The proper procedure is to use a manometer to set it but in theory meter clocking will tell you the firing rate. It is NOT the proper way to adjust the valve or a shortcut.

Did you use the proper meter clocking chart and dial and scale. It is easy to make a mistake. You also need to be very accurate with the # of seconds and use a digital watch or stopwatch. I usually do 3 tests and average them.


----------



## PF4DIY (Nov 12, 2014)

Can this manometer be used also for measuring the manifold pressure or In/Out pressure for the valve ?
http://www.ebay.ca/itm/Digital-Manometer-Differential-Air-Pressure-Meter-Gauge-/120658272340

I guess that the metal piece that is in this picture gets attached to the valve


----------



## tireshark (Aug 17, 2014)

ben's plumbing said:


> again with all respect...if a professional told you to adjust a manifold pressure setting with out proper equiptment when doing so ..is just plain wrong....


Well how about the people at honeywell that wrote the installation instructions for my valve? Were they plain wrong to literally include instructions on how to check and adjust gas flow rate by clocking the gas meter? Because they did.

I've yet to really hear a good explanation as to why clocking the meter is useless in determining gas flow issues. I mean if that's so, then why does honeywell include it as part of the startup and checkout process (not to mention everyone else that does)?

Look, maybe this forum isn't as in-depth as i had assumed (nothing wrong with that), and i can see how my post came off as wild zone antics if that stuff isnt the norm here. Maybe this place is more suited for discussions on planning square footage and changing filters or something... again, nothing wrong with that, but that's why i was so surprised to get all of these 'stop' replies for doing things that are openly discussed in other places.

I'm not trying to step on toes, or get my toes stepped on... just explaining how maybe this got off on the wrong foot. I understand that you guys are only looking out for the safety of knuckleheads like me, and that is completely understandable and appreciated. However, when i hear stuff that seemingly contradicts all the other research i've done it does make things more confusing.

All in all, i only asked a relatively simple question, to make sure i was interpreting the language correctly -- will reducing the gas pressure on the control valve lower the BTU output.
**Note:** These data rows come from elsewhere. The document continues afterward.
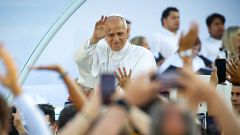 La visita del papa a Barcelona: Lleó XIV celebra una vetlla multitudinària a l'Estadi Olímpic de Barcelona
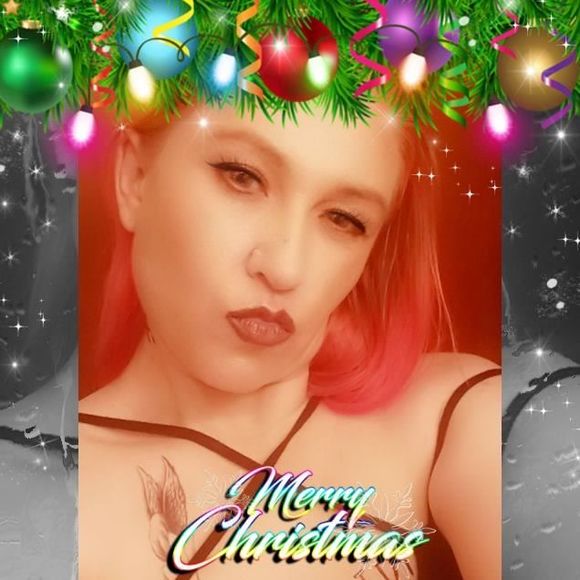 Profile Picture of Miranda Ortlepp (@mirandaortlepp) on Poshmark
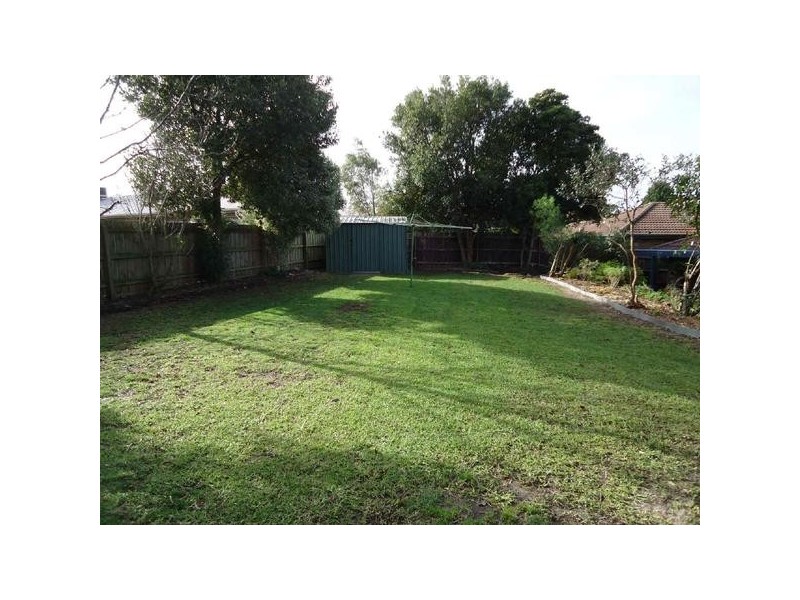 2  Varcoe Court, Frankston VIC 3199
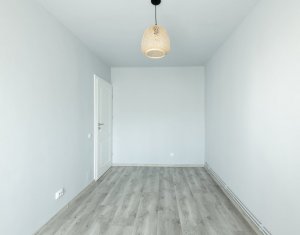 Appartement 4 chambres à vendre dans Cluj-napoca, zone Manastur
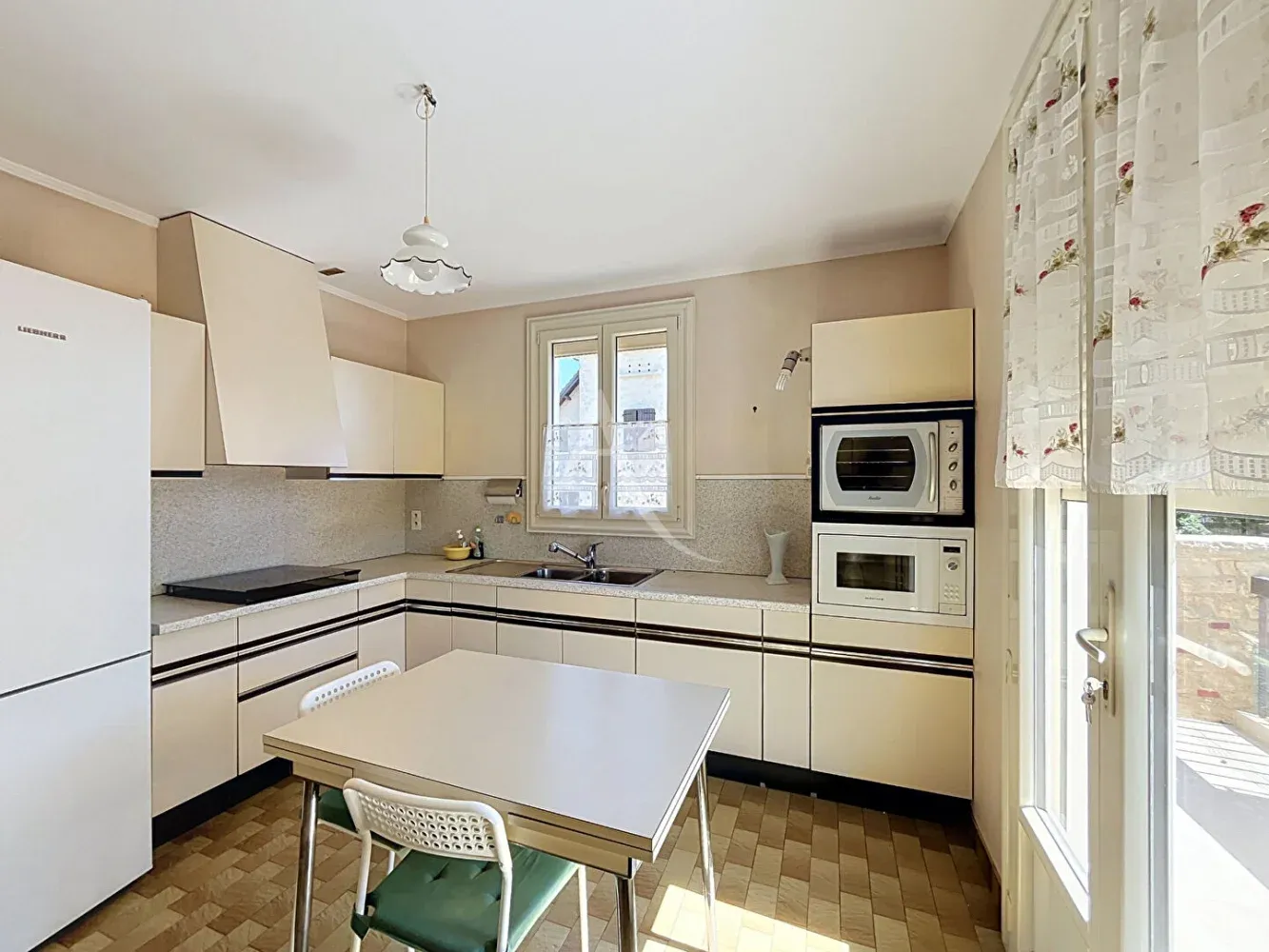 3-bedroom detached house with independent apartment in Prayssac photo 6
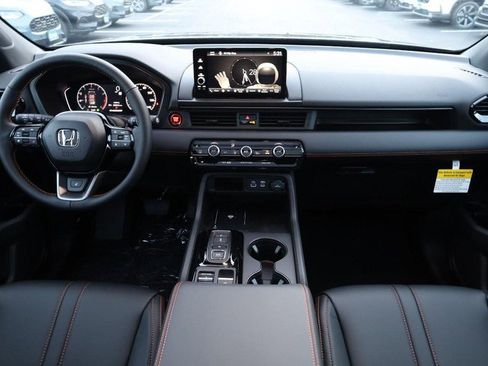 New 2025 Honda Pilot TrailSport image 27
Never got an answer for that one, but it's probably irrelevant to the issue at this point.


----------



## tireshark (Aug 17, 2014)

oldbikes said:


> So you have options, Get a Manometer learn howto use it or Hire someone to check and adjust the Valve. You may have other problems other than the gas valve.


Mmm, well if it came down to it i would definitely buy a manometer before calling a technician... i'm just trying to see if its possible to troubleshoot this issue without one first. Thanks for the input.



roughneck said:


> How old is this furnace? Are you sure the heat exchanger is ok? Why was the gas valve replaced?
> You need to know manifold pressure when doing any adjustments to the burner. You also need to know the delta T over the furnace to understand if its overfiring.


21 years old Rheem RRGG-10E37JKR.

Gas valve was replaced because the furnace wouldn't light. With the help of others and some internet research i used a multimeter to test components that pointed to the gas valve as the culprit. Ordered a used one and the furnace worked again, but with the rollout switch/orange flame issue that i described above.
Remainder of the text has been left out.